Give back the listing in full and exactly, leaving out the images.

## GIVEN DATA
►

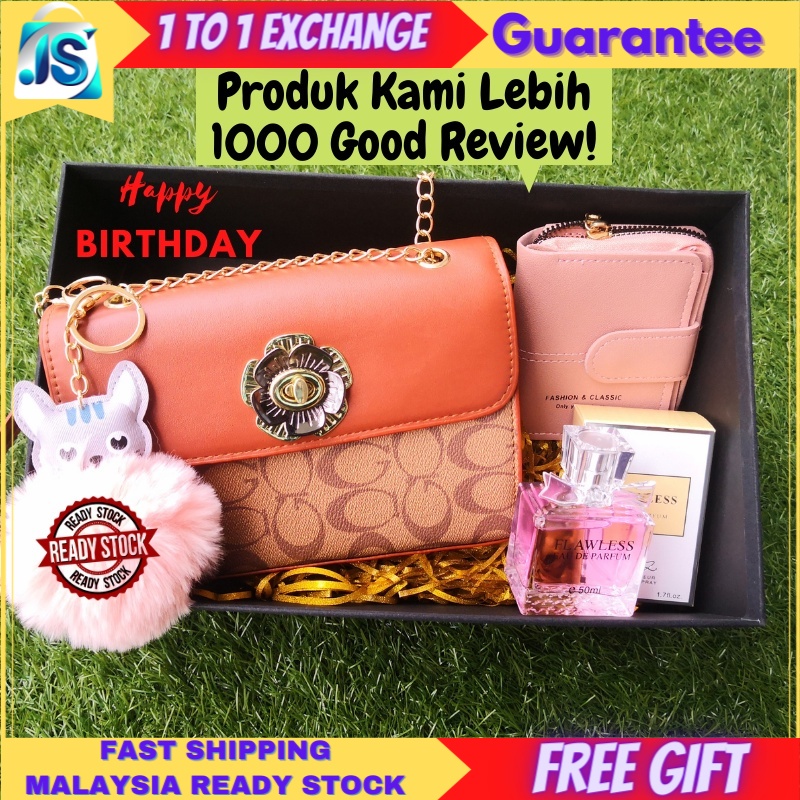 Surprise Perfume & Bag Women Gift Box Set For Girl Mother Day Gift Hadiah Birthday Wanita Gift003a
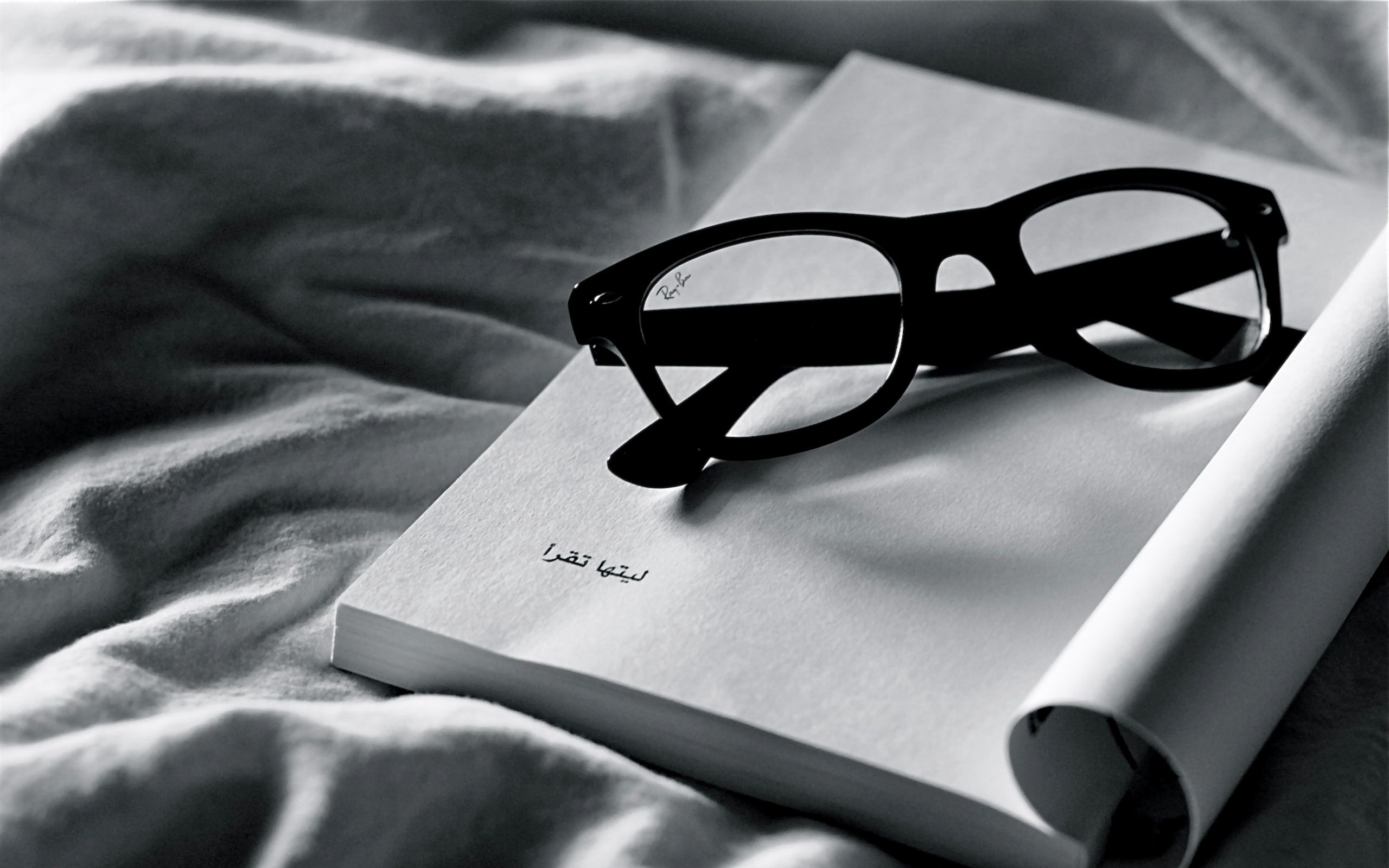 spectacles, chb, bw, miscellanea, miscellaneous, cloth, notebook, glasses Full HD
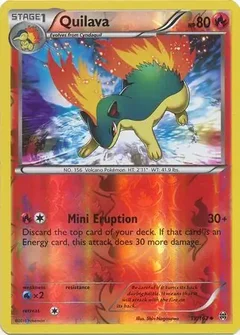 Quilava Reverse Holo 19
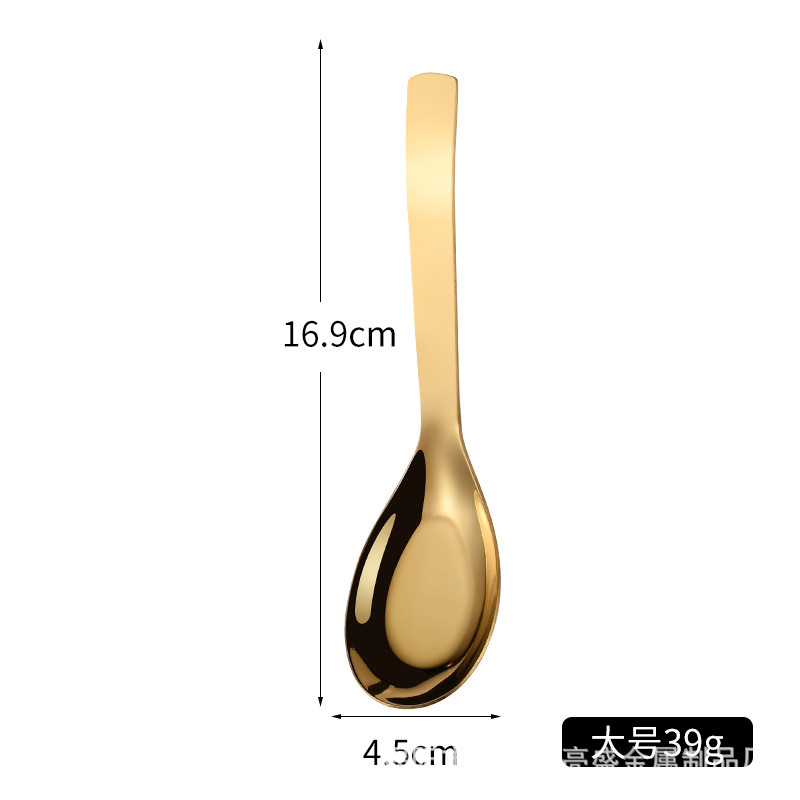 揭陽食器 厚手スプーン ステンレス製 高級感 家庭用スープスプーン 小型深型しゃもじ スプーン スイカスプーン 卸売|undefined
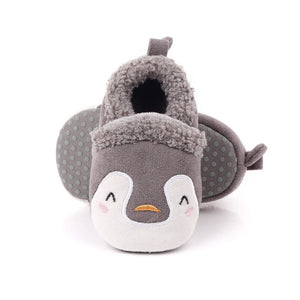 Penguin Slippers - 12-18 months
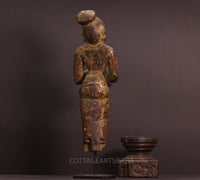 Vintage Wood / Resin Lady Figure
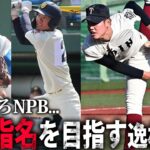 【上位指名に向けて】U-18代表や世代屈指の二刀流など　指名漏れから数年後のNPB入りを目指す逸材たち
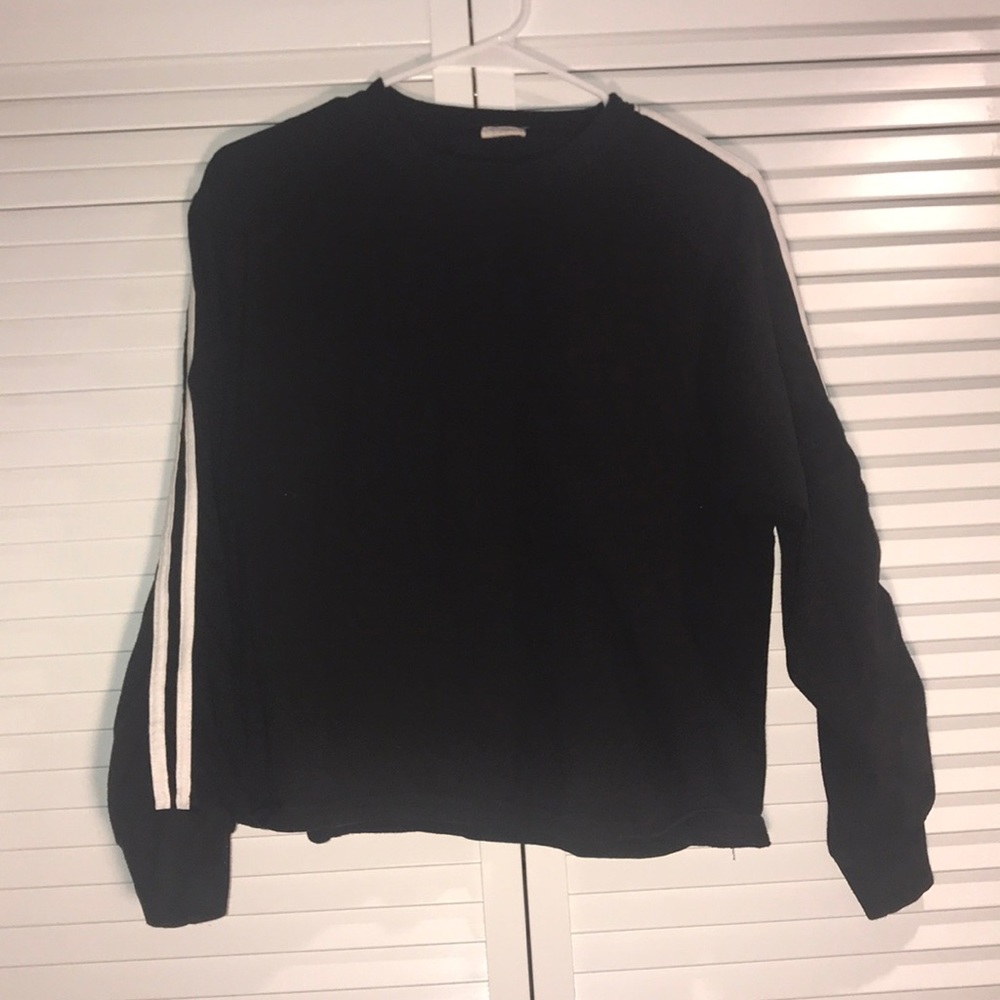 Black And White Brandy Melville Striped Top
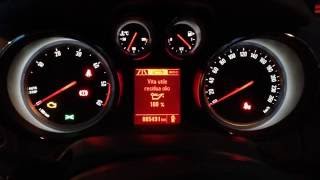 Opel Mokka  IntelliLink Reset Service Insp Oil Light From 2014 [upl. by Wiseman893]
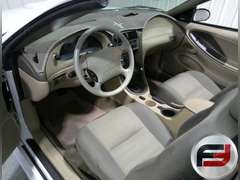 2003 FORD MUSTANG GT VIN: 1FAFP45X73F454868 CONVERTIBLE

◄

## WRITTEN REPLY
 Surprise Perfume & Bag Women Gift Box Set For Girl Mother Day Gift Hadiah Birthday Wanita Gift003a
 spectacles, chb, bw, miscellanea, miscellaneous, cloth, notebook, glasses Full HD
 Quilava Reverse Holo 19
 揭陽食器 厚手スプーン ステンレス製 高級感 家庭用スープスプーン 小型深型しゃもじ スプーン スイカスプーン 卸売|undefined
 Penguin Slippers - 12-18 months
 Vintage Wood / Resin Lady Figure
 【上位指名に向けて】U-18代表や世代屈指の二刀流など　指名漏れから数年後のNPB入りを目指す逸材たち
 Black And White Brandy Melville Striped Top
 Opel Mokka  IntelliLink Reset Service Insp Oil Light From 2014 [upl. by Wiseman893]
 2003 FORD MUSTANG GT VIN: 1FAFP45X73F454868 CONVERTIBLE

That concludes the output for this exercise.